In late November of this year, a jury found Kate’s accused killer, 45-year-old Jose Ines Garcia Zarate, not guilty on charges of murder, assault with a deadly weapon, and involuntary manslaughter. Garcia Zarate is a Mexican citizen who has been deported from the United States five times, and was found guilty of possessing a weapon as a felon. The basic question the jury had to decide was whether Garcia Zarate willfully and intentionally fired the single shot that killed Kate Steinle. The prosecution said that Garcia Zarate fired a handgun deliberately in Steinle’s direction, intentionally trying to harm her or others. The defensive side argued that Garcia Zarate, a seven-time felon, found the gun on the pier and accidentally fired it when he picked it up. Furthermore, they argued that the shooting was unintentional, that the defendant found the gun wrapped in a cloth under his seat at the pier and that it accidentally discharged. The defense also offered expert witnesses who testified that the bullet ricocheted off the ground and traveled about 78 feet before striking Steinle.

This case and ruling has sparked the national immigration debate. Garcia Zarate did not deny shooting Steinle and claimed it was an accident. President Donald Trump cited the case during his campaign in an effort to show that the country needed tougher immigration policies. President Trump tweeted, “The Kate Steinle killer came back and back over the weakly protected Obama border, always committing crimes and being violent, and yet this info was not used in court. His exoneration is a complete travesty of justice. BUILD THE WALL!” Many Americans are upset with the fact that he is focusing on the immigration policy and not paying respects to Steinle’s family.

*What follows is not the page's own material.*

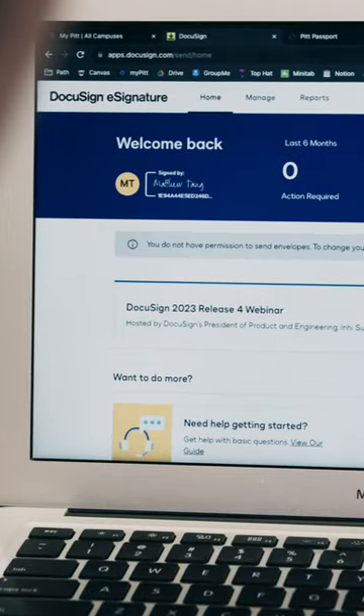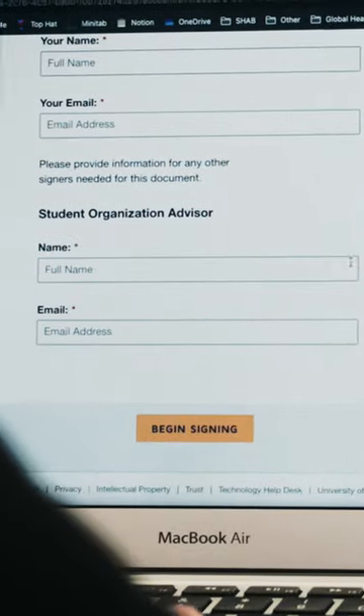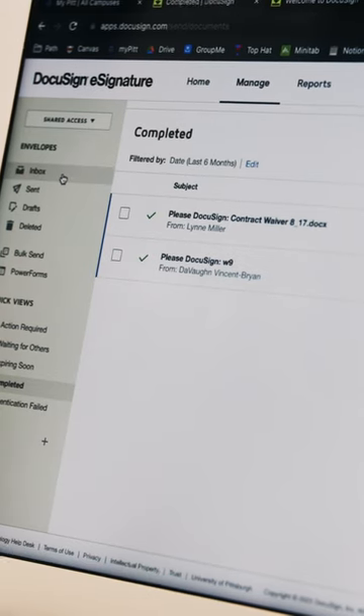For example, if you want to bring in guest speakers to come and speak at the university, it's an extremely simple process. You just put in your name, the organization name, your advisor, and from there you can start your own document and send it out to guest speakers to invite them to the university. I highly recommend it for other students. The quick and ease of DocuSign I think is great.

Seniors Ryan Pilkington and Grayson Pearce are very upset with this ruling, claiming it was unjust. When discussing his stance, Grayson says he takes “great pride in our justice system, especially the aspect of being judged impartially by a jury of peers. However, our justice system and this jury let our country down. The defense team’s account of what happened is utterly ridiculous; an illegal immigrant does not randomly find a gun lying on a pier in San Francisco, a city with some of our country’s strictest gun laws, and then proceed to ‘accidentally’ discharge that firearm into the body of Kate Steinle, an innocent, law-abiding American citizen.”  Pearce also went on to say, “Despite all of that, the fact of the case remains that Jose Ines Garcia Zarate, an illegal immigrant, should not have been in the United States of America. Without San Francisco’s sanctuary city policy, Zarate would have been kept away from our country and that city after he was deported for the fifth time. The city of San Francisco is to blame for the death of Kate Steinle, the jury’s verdict is a travesty, and sanctuary city policies put American citizens at risk. Sanctuary city policies kill innocent Americans who have their whole lives ahead of them. Everybody’s thoughts and prayers should be with the family of Kate Steinle, and the people of San Francisco should demand a change for their own safety.”

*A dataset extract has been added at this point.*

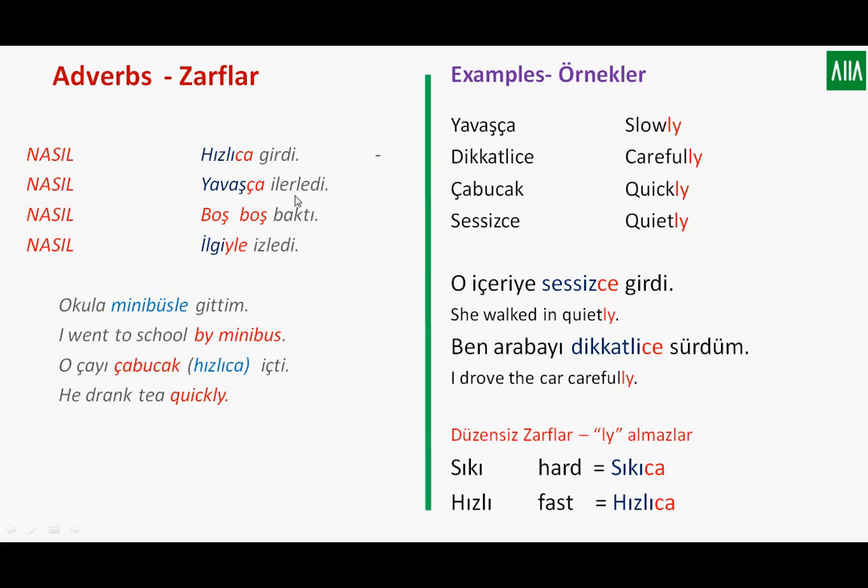More examples: yavaşça ilerledi — he moved forward slowly. Boş boş baktı — he or she looked blankly. İlgiyle izledi — he watched interestingly.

Pilkington, on the same side as Pearce, added, “There should have been proper policies in place that should have kept him out of the country. He should have never been there in the first place, whether he fired the weapon on purpose or whether it was an accident. He had committed crimes in the past and been deported multiple times before returning to the country.”  Furthermore, Pilkington concluded, “Whether it was for his crimes, his deportation, or his undocumented status, he shouldn’t have been in the country. For those reasons, I’m against the verdict. He should pay the price.”

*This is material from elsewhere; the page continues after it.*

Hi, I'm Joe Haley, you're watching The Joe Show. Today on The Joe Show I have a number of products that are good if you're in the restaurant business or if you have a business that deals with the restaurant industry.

Robin Abcarian, a writer for the Los Angeles Times, claims, “In late October, I attended the trial’s opening arguments. I thought then, and still do, that the ranger who left his loaded gun in a part of San Francisco where parked cars are frequently targeted by thieves bears some responsibility for the chain of events that led to Steinle’s death, though I don’t think he should be charged with a crime.”

Conclusively, the aftermath of Steinle’s death has sparked a nationwide debate over the topic of immigration and sanctuary cities. Whether or not the ruling was just, Steinle’s family is dealing with an immense amount of grief, and one can hope that they receive the closure that they need.